Pedro Lopes é o criador do primeiro original português da Netflix. Director de conteúdos da SPi há quase década e meia, escreveu de tudo: filmes, séries, telenovelas. ‘Glória’, diz em entrevista à Time Out, é uma história que guardou para o momento certo.
A televisão não é novidade para Tiago Guedes. No currículo tem Odisseia e Os Boys, ambas para a RTP, e até o filme A Herdade tem uma versão longa e repartida em quatro episódios. Todas elas propostas muito diferentes entre si. Agora, junta a esse leque um thriller de espionagem em dez episódios: Glória. É o primeiro original português da Netflix, estreado a 5 de Novembro, e passa-se no Portugal dos anos 1960, num centro retransmissor que funcionava então numa pequena localidade do Ribatejo às mãos dos EUA – a RARET. Dali saía propaganda norte-americana, emitida para territórios que ficavam para lá da Cortina de Ferro, e é o local para onde convergem, nesta história, agentes da CIA, do KGB e do Estado Novo.
A RARET é um lugar meio esquecido da nossa memória – até porque, em Portugal, afectava quem lá trabalhava e pouco mais. Já o conhecias?
Não fazia a mínima ideia da existência da RARET. Foi o ponto-chave para o meu entusiasmo crescer logo quando me falaram sobre esse sítio e o facto de ele ter sido esquecido, ou escondido, da nossa história. Isso foi muito fascinante. Quis muito tentar perceber melhor o quê que era aquilo.

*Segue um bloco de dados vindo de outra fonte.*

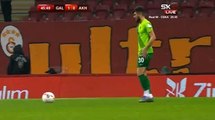 Hugo Rodallega Goal HD - Galatasaray 1 - 1 Akhisar Genclik Spor - 02-03-2016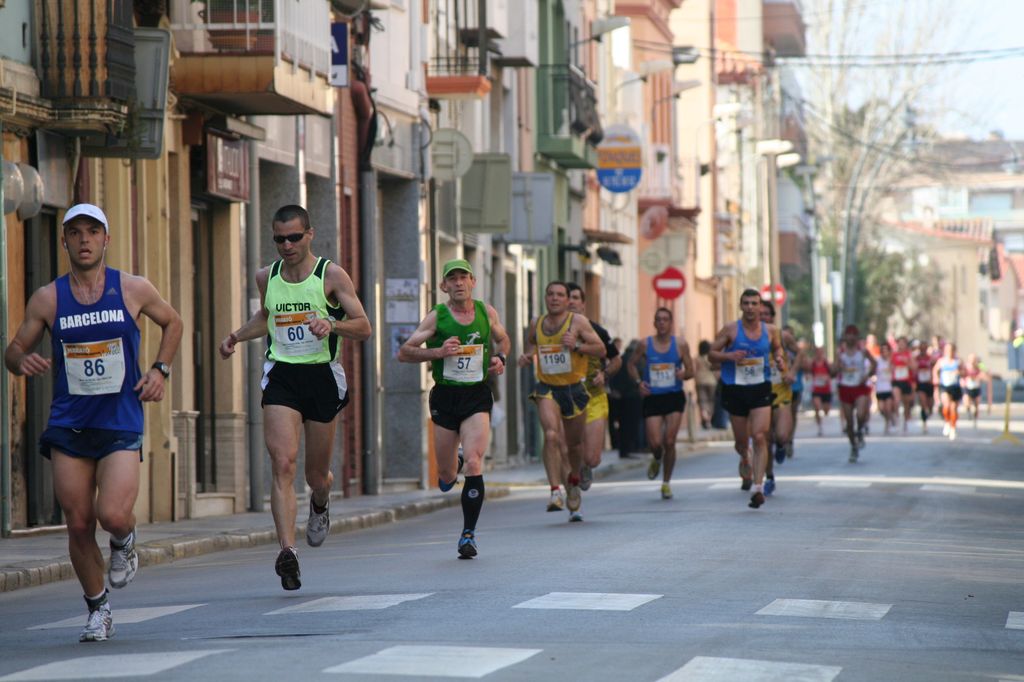 Restriccions de trànsit aquest diumenge per la Mitja Marató Costa Brava-Maresme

É um local que dá a Portugal um papel mais interventivo do que aquilo que se imaginaria no decurso da Guerra Fria.
Havia postos idênticos à RARET em vários sítios da Europa. Eram todos importantes, porque cada um abrangia zonas específicas desses países para lá da Cortina [de Ferro]. Estou a trabalhar num outro projecto com um director de fotografia que vivia na República Checa na altura, e ele falou-me da importância que tinham essas emissões para o bem-estar das pessoas, para a forma como iam lidando com a pressão dos regimes.

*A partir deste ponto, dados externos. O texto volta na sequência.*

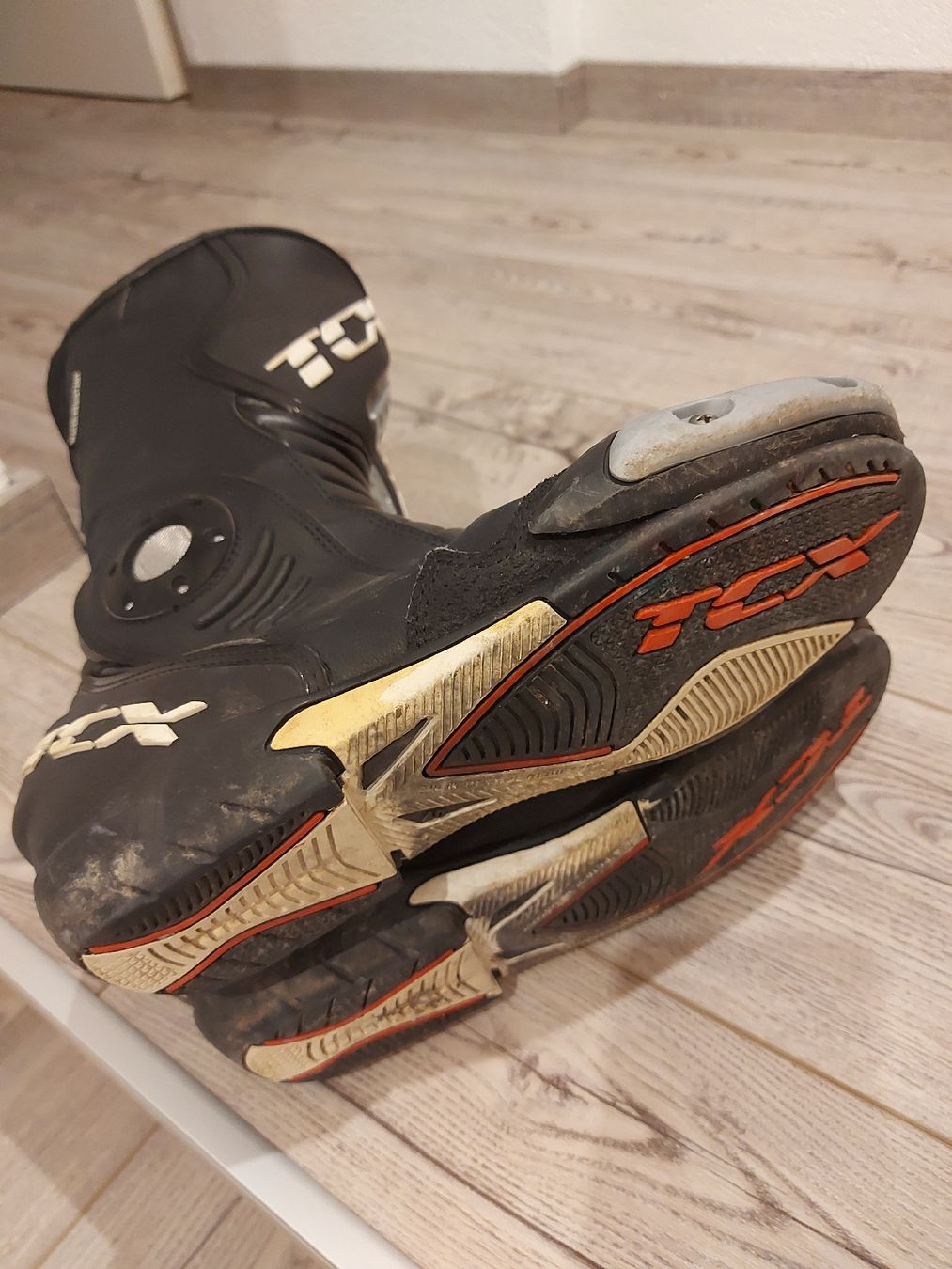 TCX Chaussures hommes: Motorradstiefel – D'occasion à Mönchaltorf par Chriga80 3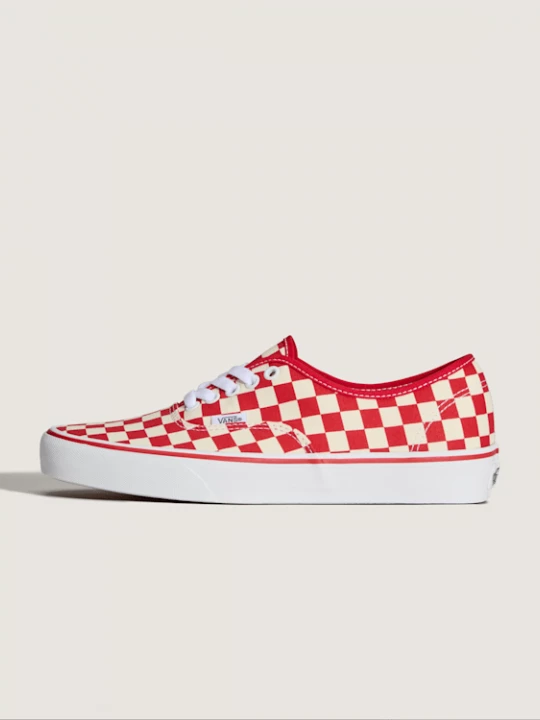 Foto van product Vans - Authentic Schoenen, Man, Rood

Como é que essa importância é transferida para a realidade portuguesa em Glória?
Será certamente amplificada. O que o [protagonista] João Vidal está a fazer é contra-espionagem. O João não trabalha para a CIA [que dirigia a RARET], trabalha para o KGB. É filho de uma pessoa importante no governo [português] da altura, portanto tem grandes ligações ao governo e à PIDE, de alguma forma. Fez a guerra em África e por lá mudou as suas ideias... Se calhar já tinha essa tentação e muda na guerra.
Passa-se tudo no Ribatejo?
Ribatejo, Lisboa e há uns flashbacks da guerra. Ou seja, umas idas à guerra e algumas memórias do treino específico do João. Mas está centrado entre o Ribatejo e Lisboa.
O elenco é transnacional, com actores portugueses e norte-americanos. A série impunha que assim fosse?
A própria ideia já o pede. Todo o ambiente à volta da RARET é muito pouco português. A aldeia que eles constroem para viver tem um aspecto americano. Tens aquelas casas com grandes relvados, mas depois a arquitectura é portuguesa. É uma mistura interessante. Aquilo estava em muito mau estado, mas para mim era mesmo importante que fosse feito lá. Para a RARET em si, já tivemos de arranjar um substituto, porque o edifício, para além de ser gigante, estava completamente detonado. Então, fomos arranjar um centro de onda curta para a escala que podíamos filmar. É muito fiel o que fomos descobrir, que era um centro de onda curta da RDP, em Pegões, que também estava fechado. Não estava abandonado a esse ponto e foi muito mais simples para nós.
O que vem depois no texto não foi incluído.